Streaming Byzantine-Resilient Storage Architecture for Sensor Data in Intercloud Environments

Sensor network growth in areas like critical infrastructure, smart cities, and environmental monitoring has resulted in previously unheard-of amounts of real-time data that need to be stored in a safe, dependable, and scalable manner.  Traditional cloud storage solutions frequently fall short because of their centralized failure points, high streaming data latency, and poor fault tolerance. This paper proposes Streaming DepSky-A, a novel extension of the Byzantine fault-tolerant DepSky protocol that supports real-time, block-based sensor data ingestion across multiple cloud providers.

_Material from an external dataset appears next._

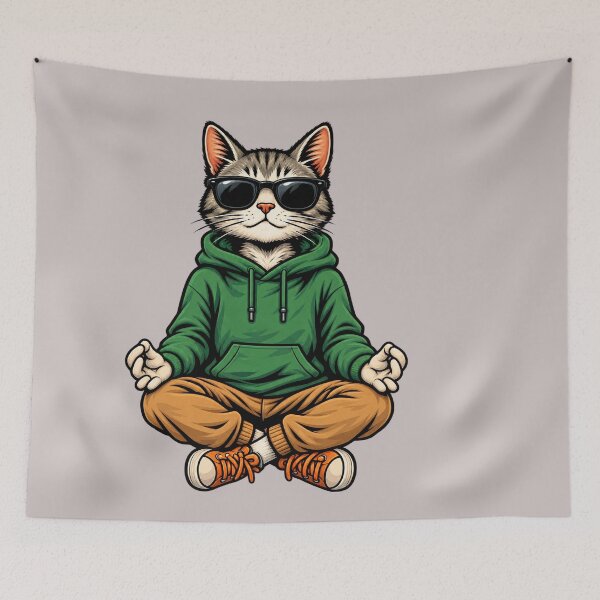 Item preview, Zen Cat Meditating in Green Hoodie designed and sold by aminomen.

Unlike static file-oriented systems, Streaming DepSky-A operates on streaming blocks, enabling low-latency ingestion, efficient memory usage, and fine-grained fault isolation. The system integrates quorum-based replication, block-level integrity verification, and asynchronous dispatch to achieve high throughput and resilience under concurrent workloads and simulated cloud faults. Experimental evaluation in a federated cloud testbed demonstrates that Streaming DepSky-A sustains throughput exceeding 480,000 records per second per node, maintains over 99.94% availability, and detects data corruption with 100% accuracy. The results affirm the viability of the architecture for scalable, fault-resilient sensor data storage in untrusted and heterogeneous intercloud environments.